Hakim’s work has strong statistical support, and has galvanized discussion, since it allows for more diversity of choice, and is patently more realistic. It also brought to the fore some of the real tensions current in our lives. For instance, at one time it was male managers who did not understand the needs of women in the workforce. Staff I worked with recently at a large university told me a sad story of how the women on the academic staff had eagerly awaited a woman vice-chancellor, who would understand their needs for maternity leave, leave to care for sick children and flexible work hours, only to find that the woman who got the job was far more judgemental and less compassionate than her male predecessor. Their situation went into reverse, and 20 years of gradual gains were wiped out in a year.
Many magazines and press articles have described the ‘Mummy Wars’, in which fierce divisions exist between stay-at-home mothers and mothers in the paid workforce. It’s likely that both groups secretly envy some of the options enjoyed by the other. Hakim’s research would suggest that a large proportion of us would like the benefits of a timely return to work, but not at the expense of our children. It doesn’t seem too hard for employers and governments to meet this reasonable demand. If we also add an availability of fathers to do their part in the early years, then the problem is not insurmountable.

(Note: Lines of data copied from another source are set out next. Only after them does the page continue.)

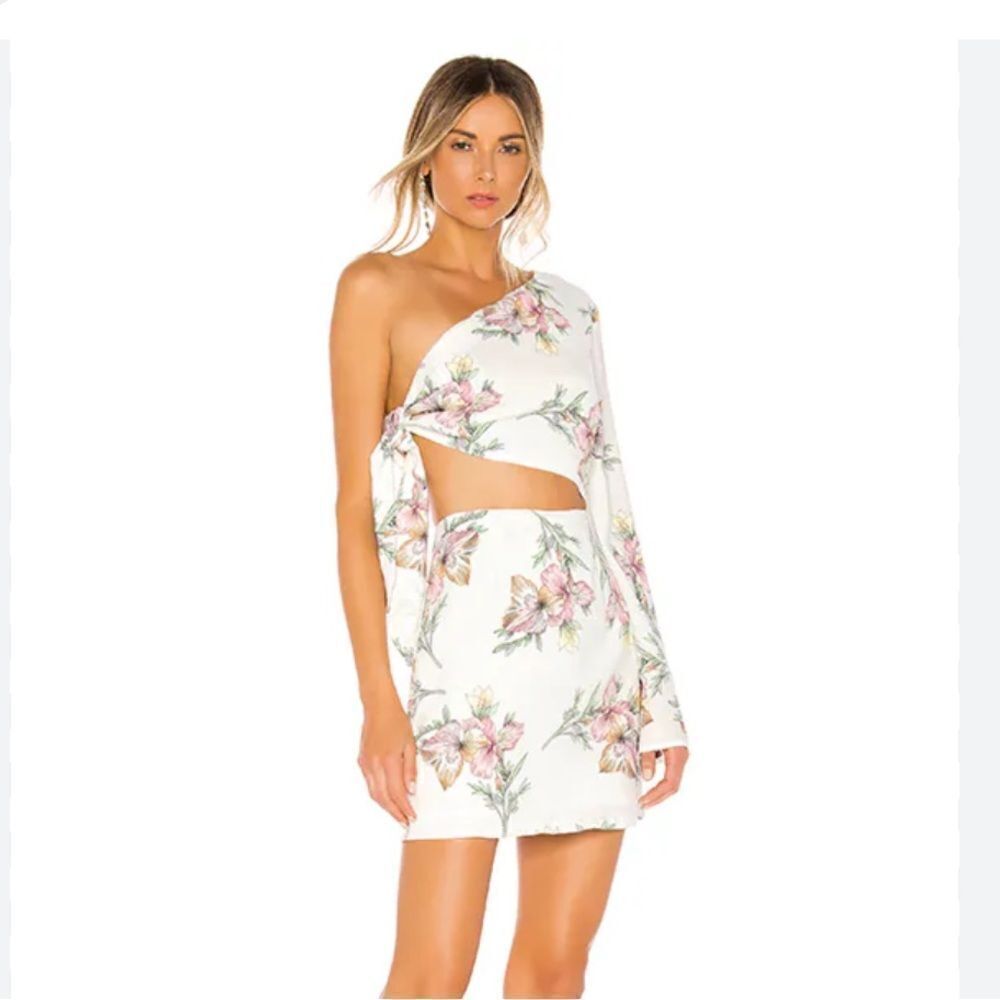 NWT superdown essie one shoulder dress pink floral mini cut out Revolve XL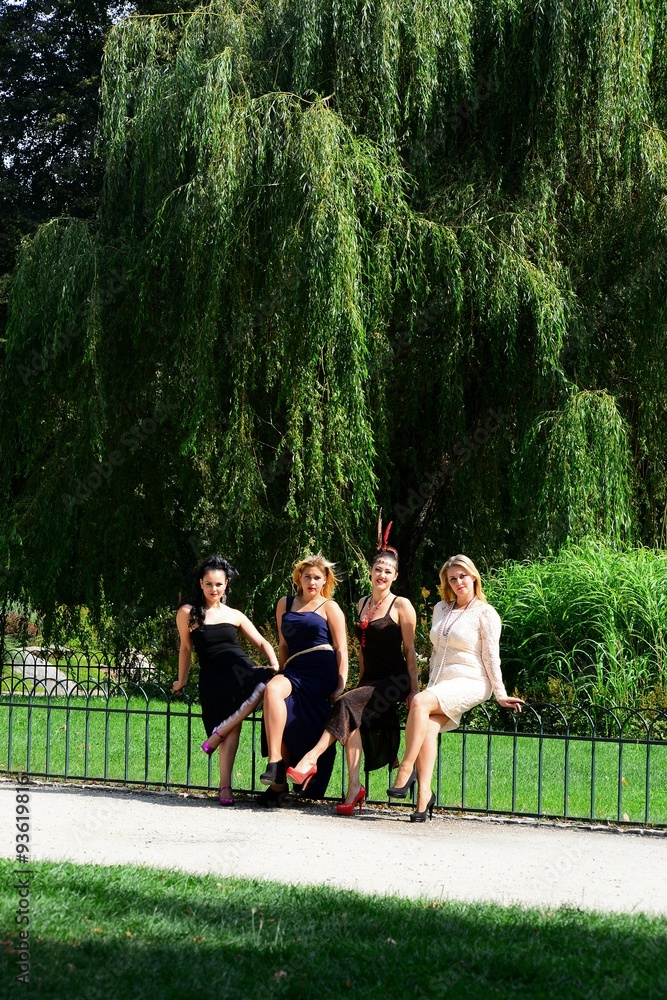 Obraz premium Girls in bernardinu garden in Vilnius town on August 23, 2015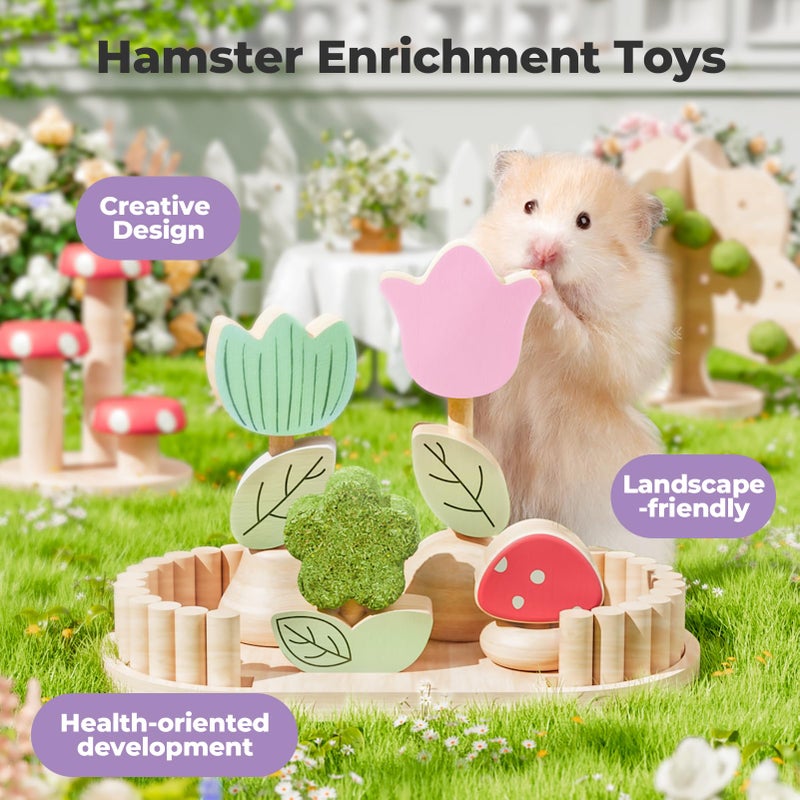 mini&moe Hamster Chew Toys for Teeth - Guinea Pig Chews Enrichment Toys Natural Edible Rabbit Chew Toy for Bunny, Rat, Chinchilla, Gerbils and Others Small Animal - Image 3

For a young couple contemplating starting a family, or with a new baby at home, it is important to do some hard thinking. We human beings are easily confused, and very much herd creatures. We do what everyone else does. We accept platitudes that really don’t make sense, but sound good. We are told ‘what’s good for you is good for them’. Also our own background has a big effect. If we don’t have a strong experience of parental love in our own childhood, we might not know what we are losing.
There is intense and intelligent discussion going on in the UK today about these choices. Parents in the past have often been fobbed off with bland reassurance, as if parenthood somehow softens the brain, but we are now more educated, more questioning and more networked than ever. And, fortunately, the answers are now emerging to address our concerns. In the following chapters, we will look at this in depth. The big question in choosing between slamming, sliding or staying at home, is: what is best from a child’s point of view?